Work to be completed:
Write out once more the lines running from the top of the entries below to the line with "NIKE SB DUNK", both ends included.

Exercise inputs:
########################################
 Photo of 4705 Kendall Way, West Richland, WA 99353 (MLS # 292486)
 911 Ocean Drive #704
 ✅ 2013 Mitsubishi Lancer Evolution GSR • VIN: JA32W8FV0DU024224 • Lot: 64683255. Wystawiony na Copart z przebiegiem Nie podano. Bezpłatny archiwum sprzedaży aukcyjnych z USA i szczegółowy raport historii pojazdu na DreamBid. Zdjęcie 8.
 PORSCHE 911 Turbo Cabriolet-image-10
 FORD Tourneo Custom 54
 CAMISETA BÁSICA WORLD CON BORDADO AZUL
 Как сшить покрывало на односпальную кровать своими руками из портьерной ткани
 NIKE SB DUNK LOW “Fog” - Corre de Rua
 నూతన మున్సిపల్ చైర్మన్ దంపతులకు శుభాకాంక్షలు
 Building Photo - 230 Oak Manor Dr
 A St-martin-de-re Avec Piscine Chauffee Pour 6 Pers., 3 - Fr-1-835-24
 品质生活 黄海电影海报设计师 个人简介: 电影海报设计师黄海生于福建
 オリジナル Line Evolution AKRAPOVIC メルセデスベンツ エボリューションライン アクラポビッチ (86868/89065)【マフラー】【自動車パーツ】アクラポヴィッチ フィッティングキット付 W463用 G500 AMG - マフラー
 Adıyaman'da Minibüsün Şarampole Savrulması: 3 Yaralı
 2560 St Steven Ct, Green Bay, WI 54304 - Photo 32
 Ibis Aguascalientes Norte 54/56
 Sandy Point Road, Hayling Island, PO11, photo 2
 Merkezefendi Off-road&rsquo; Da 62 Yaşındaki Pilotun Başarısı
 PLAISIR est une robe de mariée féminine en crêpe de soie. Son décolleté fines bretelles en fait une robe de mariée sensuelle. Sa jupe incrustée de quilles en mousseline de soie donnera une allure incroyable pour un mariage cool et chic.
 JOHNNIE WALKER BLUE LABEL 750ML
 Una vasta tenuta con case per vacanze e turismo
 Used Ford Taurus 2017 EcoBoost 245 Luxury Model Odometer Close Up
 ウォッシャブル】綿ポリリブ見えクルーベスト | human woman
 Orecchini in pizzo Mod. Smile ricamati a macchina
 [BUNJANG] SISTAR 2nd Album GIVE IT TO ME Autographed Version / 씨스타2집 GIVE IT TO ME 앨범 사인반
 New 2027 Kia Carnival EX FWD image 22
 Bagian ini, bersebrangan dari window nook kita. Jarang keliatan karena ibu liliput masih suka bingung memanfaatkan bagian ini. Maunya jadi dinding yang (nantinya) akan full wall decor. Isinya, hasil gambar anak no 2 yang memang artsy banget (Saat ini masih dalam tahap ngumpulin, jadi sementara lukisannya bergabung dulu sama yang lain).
########################################
Result for this exercise:
 Photo of 4705 Kendall Way, West Richland, WA 99353 (MLS # 292486)
 911 Ocean Drive #704
 ✅ 2013 Mitsubishi Lancer Evolution GSR • VIN: JA32W8FV0DU024224 • Lot: 64683255. Wystawiony na Copart z przebiegiem Nie podano. Bezpłatny archiwum sprzedaży aukcyjnych z USA i szczegółowy raport historii pojazdu na DreamBid. Zdjęcie 8.
 PORSCHE 911 Turbo Cabriolet-image-10
 FORD Tourneo Custom 54
 CAMISETA BÁSICA WORLD CON BORDADO AZUL
 Как сшить покрывало на односпальную кровать своими руками из портьерной ткани
 NIKE SB DUNK LOW “Fog” - Corre de Rua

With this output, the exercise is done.